By the way, what I mean by a "DX5-style" shader is one of the following TSS setups. All are a single stage, no multitexture. Stray from these blends even slightly, and you will have trouble. Always make sure you can fall back to one of these.

Colour: Modulate(Texture,Diffuse); Alpha: SelectArg1(Texture,Diffuse)
Colour: Modulate(Texture,Diffuse); Alpha: Modulate(Texture,Diffuse)
Colour: Modulate(Texture,Diffuse); Alpha: SelectArg2(Texture,Diffuse)

In addition, a lot of cards only support the following alpha-blend modes. There's not much you can do about this usually - for example in a lot of cases you absoloutely can't do without ZERO:SRCCOLOR, but just be aware of the problems.

ONE:ZERO (i.e. no alpha blending)
ONE:ONE (additive)
SRCALPHA:INVSRCALPHA ("standard" alpha-blending)
ONE:INVSRCALPHA (premultiplied alpha-blending)

-Tesselation and displacement is an excellent offline tool for authoring content, even if you don't use it when actually rendering. As said in the slides, some things are very easy to make using N-patch meshes with displacements. Tesselation can be done offline to produce detailed models of any desired quality. It means that most models do not need artists to redo them when poly budgets change - just run the tesselation+displace tool with different settings. Also gives you bumpmaps for free, and of course disp.mapping if your rendering pipeline supports it.

-I now call the "displacement" stuff "displacement compression". Disp.mapping implies that I am tesselating at runtime, which I am not, and generating extra vertices in the vertex shader, which I am not. I have simply compressed the vertices using displacement-map concepts. In most cases, the vertices are now 8 bytes. This reduces bus bandwidth massively (essential for high poly rates on the PC), and also reduces the memory required to store meshes (essential on consoles).

-I am rather pleased with "progressive bones". It adds another scalability factor to the equation. Can now have wonderful expressive faces, lip-syncing, individual fingers, waving hair strands, etc. But the same model can reduce smoothly to a single DrawPrim call with maybe 10 bones in the distance.

-Dot3 bumpmapping is OK, but if you have Pixel Shader hardware available, then I recommend rendering the environment lights into a small cube map (e.g. 8x8 on each side) with the CPU each frame, then using that as a sort of environment map. On PS hardware, this can be bumpmapped as well, so you get nice bumpmapping with an arbitrary number of lights. Only really supports directional lights though, because there's no positional information used. Of course a lot of point lights can be approximated by a directional light when a sensible distance from an object.

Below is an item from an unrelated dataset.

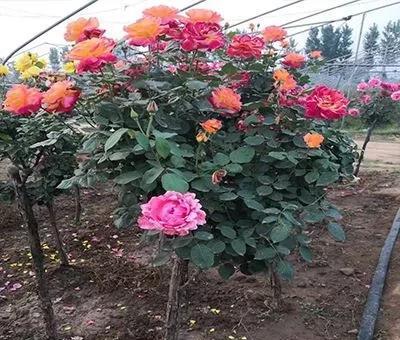 月季树用什么树嫁接好看易成活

-The specular hack is just like having a glossmap that is high where the bumpmap is smooth and low where it is rough. It's not rocket-science, but it is cheap, and suprisingly effective. It just stops the per-vertex specular gliding smoothly over bumpmapped areas - an effect that makes them look wierdly varnished.

-Parallax texturing actually works suprisingly well on low-frequency bumpmaps. On high frequency bumpmaps it just produces a bit of a mess. You could use the high-frequency bumpmaps for lighting, and then use a filtered version for the parallax texturing.

-Lots of games are using shadowmaps now just to cast a shadow on the ground. It is extremely easy to adapt this to ID-based shadowmaps, especially if using a Vertex Shader and a boned object. Simply sort the bones w.r.t. the lightsource and give each an ID. For each vertex the VS then picks the ID of the most influential bone (make it the first index listed) and puts that in the alpha channel. Note that the rendering order does NOT need sorting - the sorting is just so that IDs can be assigned front-to-back. There is no need to reorder any vertex data or to break the model up into multiple DrawPrim calls.